Posté le 2 décembre 2021 (mis à jour le 25 avril 2022) – 2 minutes à lire

Que propose le Privacy Sandbox, son grand remplaçant ?

De manière à protéger toujours plus la vie privée des internautes, tout en permettant aux éditeurs de sites web de poursuivre leur activité grâce à la publicité en ligne, Google a mis au point une alternative aux cookies tiers. Cette solution se présente sous la forme d’une suite d’API ouvertes : le Privacy Sandbox.
En effet, ce système novateur vient totalement bouleverser les notions de tracking et de publicité ciblée, telles qu’elles étaient perçues jusqu’alors. Tandis que le cookie tiers permettait de suivre de manière individualisée la navigation de chaque internaute, sa disparition implique qu’il faille trouver une autre manière de cibler la publicité.
En cela, le Privacy Sandbox propose de stocker les données de navigation directement au cœur du navigateur.
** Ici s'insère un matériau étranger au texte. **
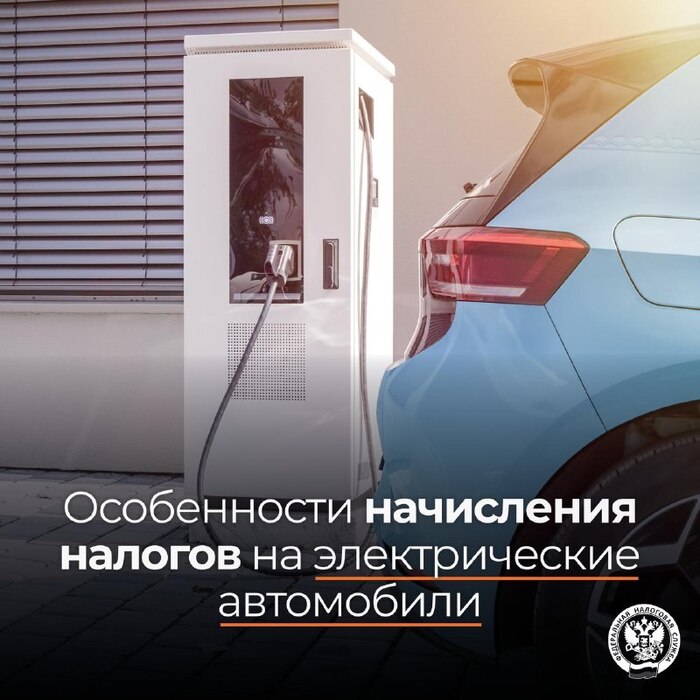 ��� ������ �� ������������� ����� �������� �� ��� �������� ������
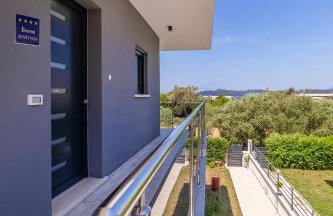 Casa Bella - Photo 22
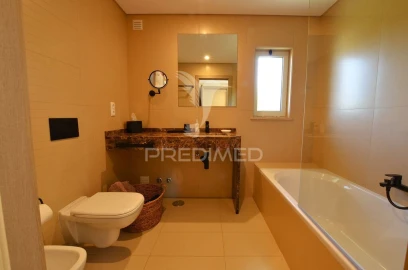 Apartamento T2 para Venda em Lagoa e Carvoeiro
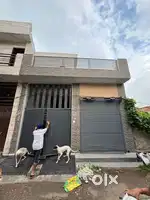 Newly built Shop for rent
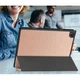 Чехол для планшета BeCover Smart Case Teclast M40 Pro 10.1" Rose Gold (709883) - изображение 9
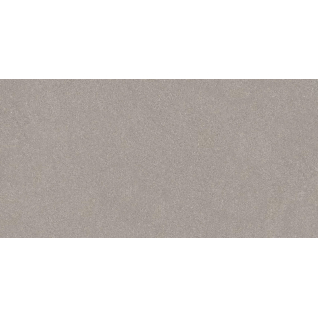 Рабат серый 30x60 плитка матовый KM3060B0041R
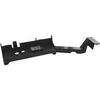 Image de Support Securite pour LAVE LINGE - 481946278707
Les annonceurs ne pourront ainsi y accéder qu’au moyen des API de Google, sécurisées et garantissant l’anonymat de chacun.

 

Quels sont les principes phares du Privacy Sandbox
et qu’en est-il de sa concrétisation ?

 

Créer un web plus sain et respectueux de la vie privée.

Comme l’a affirmé Google en 2019, « nous sommes convaincus qu’avec une itération et des commentaires continus, des mécanismes de protection de la vie privée et des normes ouvertes comme le Privacy Sandbox peuvent soutenir un Web sain et financé par la publicité d’une manière qui rendra les cookies tiers obsolètes ». D’ici à 2023, c’est donc une éradication complète des cookies tiers qui est visée par la multinationale.
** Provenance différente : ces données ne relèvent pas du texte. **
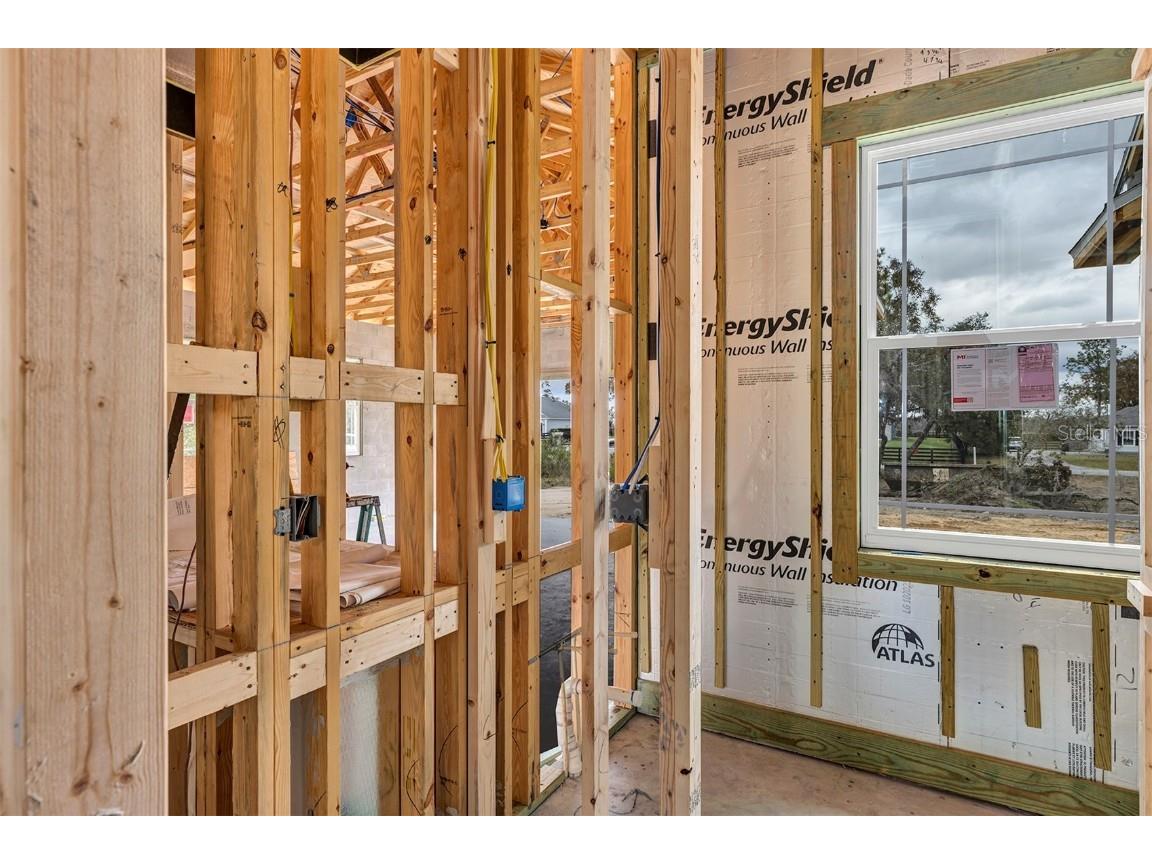 1848 Cr 243a Wildwood FL 34785 G5102023 image12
Et pour cela, le principe du privacy budget a notamment été mis en avant. Pour faire face au fingerprinting, à savoir le ciblage précis d’un individu au travers de sa navigation et de ses préférences complètes, le fait de mettre en place un privacy budget vient limiter les informations qui pourront être récupérées à travers les API. Avec un budget limité, les sites et Adtech s’en tiendront alors uniquement au strict minimum.

Permettre un ciblage publicitaire anonymisé.

Pour poursuivre le ciblage publicitaire, mais de façon nettement plus respectueuse de la vie privée et des données de l’internaute, Google se base sur deux principes.

  • D’une part, la Federated Learning of Cohorts(FLoC)[1] est une méthode qui consiste à générer des groupes d’individus aux profils de navigation similaires. Le principe est le suivant : chaque personne est catégorisée au sein d’un groupe, lui-même formé selon des centres d’intérêts communs. Tous les individus appartenant à un même groupe recevront ainsi les mêmes annonces publicitaires. Grâce à un Cohort ID, à savoir un identifiant partagé par ces profils similaires, permettant de réaliser ces segments d’audience, Google sera en mesure de permettre un classement one-to-few, par opposition au traditionnel fonctionnement one-to-one. Par ailleurs, les identifiants étant des suites alphanumériques, leur utilisation hors du navigateur en sera largement complexifiée. L’annonceur aura ainsi conscience des centres d’intérêts des groupes, sans être en mesure de définir des profils types.
  • D’autre part, le retargeting grâce à l’API Turtledove (ou tourterelle)[2], permet un tri des internautes selon les pages qu’ils ont visitées. L’idée est ensuite de pouvoir leur proposer une publicité choisie par affinité selon cette navigation, se basant sur le principe du on-device action. Des mécanismes d’enchères sont intégrés à cette logique.
    D’ailleurs, Turtledove est aussi l’acronyme de Two Uncorrelated Request Then Locally-Executed Decision On Victory, autrement dit : deux demandes non corrélées, puis une décision exécutée localement sur la victoire.
[1] https://www.ionos.fr/digitalguide/sites-internet/developpement-web/federated-learning-of-cohorts/
[2] https://ads-up.fr/blog/dovekey-fin-des-cookies-tiers/
Un Privacy Sandbox permettant un suivi aux annonceurs.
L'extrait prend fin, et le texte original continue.